The ultimate TV “will they or won’t they,” The Thorn Birds is the second-highest-rated miniseries ever to air on American TV, behind Roots
. In terms of social impact, it couldn’t compete, not that it seriously pretended to; it aspired to be more of a broadcast network’s answer to a serious-but-not-really Hollywood epic like Gone with the Wind or Giant (which, like this miniseries, aged its cast with subtle latex eye wrinkles and gray hair dye rather than sagging skin and liver spots). Scored by Henry Mancini and photographed by Bill Butler (Jaws), it’s a superior example of long-form melodrama, ’70s-style; not a whole lot happens by twenty-first-century TV standards, yet the eight hours fly by.
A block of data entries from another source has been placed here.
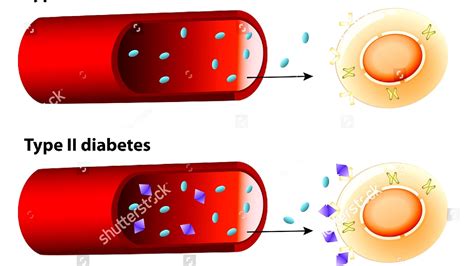 Diabetes Mellitus Type 1 Insulin Insulin Choices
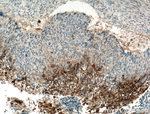 TGM1 Antibody in Immunohistochemistry (Paraffin) (IHC (P))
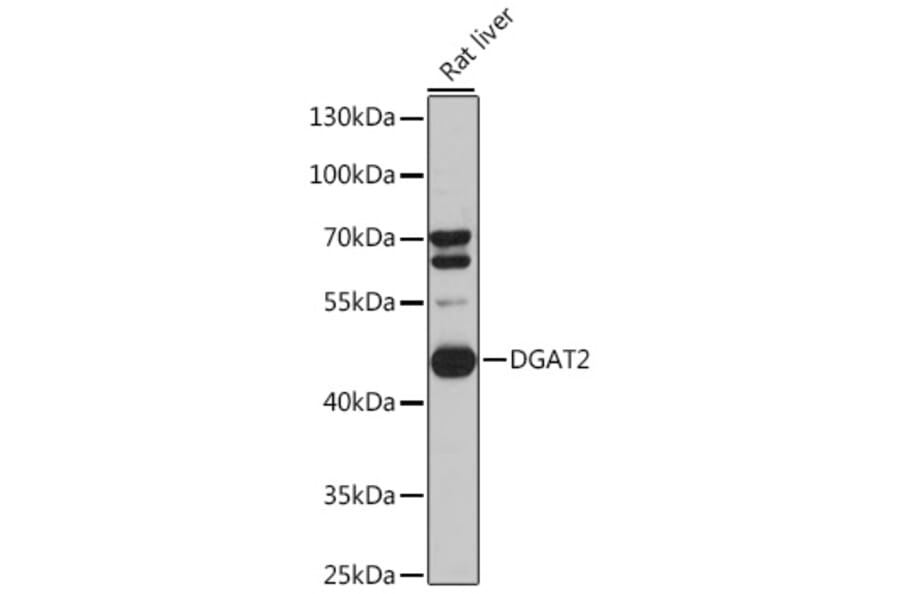 Western Blot - Anti-DGAT2 Antibody (A89902) - Antibodies.com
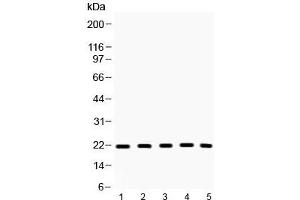 Western blot testing of 1) rat thymus, 2) mouse thymus, 3) mouse Hepa1-6, 3) human HeLa, 4) human MCF7 lysate with Bax antibody at 0.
The supporting cast includes Christopher Plummer, Jean Simmons, Richard Kiley, and Bryan Brown, whose working-class magnetism briefly steals the spotlight away from Meggie and Ralph’s pining and moping.
—MZS
13. Top of the Lake (Sundance, 2013)
This New Zealand–set crime thriller is highly recommended to fans of its cowriter, coproducer, and sometime director, Jane Campion (The Piano, Portrait of a Lady); its leading lady, Mad Men’s Elisabeth Moss, who stars as the heroine, a troubled police investigator; and, most of all, to anyone who’s watched in dismay over the past twenty-one years as program after program tried to equal the great British anthology series Prime Suspect only to fail miserably. The main plot concerns the mysterious disappearance of Tui Mitcham (Jacqueline Joe), a twelve-year-old pregnant girl who’s the daughter of the town bully and top criminal, Matt Mitcham (Peter Mullan). Top of the Lake’s heroine, Robin Griffin (Moss), leaves her fiancé in Sydney to return to her hometown—a verdant mountain town—to confront demons in her past and becomes swept up in Tui’s story. Her behavior seems erratic, bordering on unprofessional and nonsensical, until you learn her secrets and study her interactions with the townspeople and with her mother, who’s suffering from cancer.